I have rescued my share of hard disks, often for colleagues who came to me as a last resort. There are several tricks with which data from a failing hard drive can be recovered — even in cases that seem hopeless. Typically, Windows gives up first, claiming a nonexistent or unformatted disk (hint: don’t accept the offer to format the drive!). Here are some steps that I found useful to follow:
Turn off the computer. Don’t even bother shutting down. The write operation is more critical than the read operation, and any attempt to write to a failing hard disk makes matters worse. And Windows writes a lot to any drive during boot and shutdown.
Attach the drive to a Linux computer. Some computers have a hot-swap e-SATA connector. An external SATA-to-USB cradle is useful, too. Worst case, attach it internally (with power down) and boot it up. DO NOT ALLOW THE O/S MOUNT THE DISK!
A first attempt can be made by mounting the drive read-only (!) and trying to read as many files as possible. Often, 80 to 90% of the data can be recovered in this fashion.
Next, ddrescue comes into play. Since the low-level device is accessed, the drive does not need to be mounted. Let’s assume the drive maps to /dev/sdd. In the simplest form
ddrescue /dev/sdd disk_rescue.img
starts ddrescue and tries to image the entire drive to the file disk_rescue.img. Note that this is a raw read operation, and the image file will be as large as the entire drive capacity.
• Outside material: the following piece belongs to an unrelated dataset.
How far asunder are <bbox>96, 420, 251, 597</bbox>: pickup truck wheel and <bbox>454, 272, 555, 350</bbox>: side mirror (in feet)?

For example, if you image a 1TB hard disk, you need to have 1TB free space — if necessary, use a separate hard disk.
The interesting feature of ddrescue is that it attempts to read good sectors first (to salvage as much as possible, assuming that the drive keeps degrading), then repeatedly reads the bad sectors — often, repeated reads are rewarded with a random success. This process can take days, literally. When the process is finished, mount the image file and examine what you salvaged.
DISCLAIMER: This article is not intended as advice, and the author assumes no warranty, either explicit or implied. If you have critical data, consult a professional data recovery service.